WHAT NEEDS TO BE DONE
Copy exactly the lines from the one containing "Orang sedang Sholat Berjamaah" through the last line of the records, both included, and nothing more.

[Short web captions]

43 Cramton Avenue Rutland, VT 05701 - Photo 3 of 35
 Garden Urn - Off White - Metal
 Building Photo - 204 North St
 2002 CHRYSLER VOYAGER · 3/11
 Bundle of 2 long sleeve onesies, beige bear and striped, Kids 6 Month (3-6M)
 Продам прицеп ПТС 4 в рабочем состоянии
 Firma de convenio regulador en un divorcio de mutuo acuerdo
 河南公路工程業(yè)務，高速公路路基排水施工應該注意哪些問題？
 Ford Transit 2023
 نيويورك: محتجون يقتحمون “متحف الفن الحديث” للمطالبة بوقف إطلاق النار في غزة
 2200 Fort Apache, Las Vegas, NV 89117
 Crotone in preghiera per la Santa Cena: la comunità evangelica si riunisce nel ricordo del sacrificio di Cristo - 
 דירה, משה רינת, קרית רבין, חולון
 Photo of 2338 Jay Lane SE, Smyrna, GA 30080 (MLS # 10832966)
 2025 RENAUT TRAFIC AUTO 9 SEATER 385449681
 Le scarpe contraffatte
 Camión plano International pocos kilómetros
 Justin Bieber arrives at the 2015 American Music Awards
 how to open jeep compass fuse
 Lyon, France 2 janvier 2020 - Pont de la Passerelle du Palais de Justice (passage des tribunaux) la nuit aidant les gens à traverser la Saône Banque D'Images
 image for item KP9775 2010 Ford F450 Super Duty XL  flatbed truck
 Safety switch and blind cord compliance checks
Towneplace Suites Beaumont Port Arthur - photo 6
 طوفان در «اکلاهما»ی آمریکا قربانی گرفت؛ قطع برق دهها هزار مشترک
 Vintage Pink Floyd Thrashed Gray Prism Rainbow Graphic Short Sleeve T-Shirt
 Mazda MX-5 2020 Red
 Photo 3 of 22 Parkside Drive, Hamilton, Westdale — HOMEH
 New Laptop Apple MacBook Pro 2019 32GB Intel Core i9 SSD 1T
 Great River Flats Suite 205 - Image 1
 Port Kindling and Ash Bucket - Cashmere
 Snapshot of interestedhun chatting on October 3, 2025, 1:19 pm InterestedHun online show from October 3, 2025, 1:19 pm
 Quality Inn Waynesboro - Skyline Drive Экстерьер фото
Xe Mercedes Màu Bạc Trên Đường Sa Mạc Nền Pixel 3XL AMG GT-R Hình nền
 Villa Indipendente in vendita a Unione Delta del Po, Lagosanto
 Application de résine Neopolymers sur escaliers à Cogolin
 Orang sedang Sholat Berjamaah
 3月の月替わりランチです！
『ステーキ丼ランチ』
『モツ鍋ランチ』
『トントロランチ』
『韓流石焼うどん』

EXERCISE RESULT
 Orang sedang Sholat Berjamaah
 3月の月替わりランチです！
『ステーキ丼ランチ』
『モツ鍋ランチ』
『トントロランチ』
『韓流石焼うどん』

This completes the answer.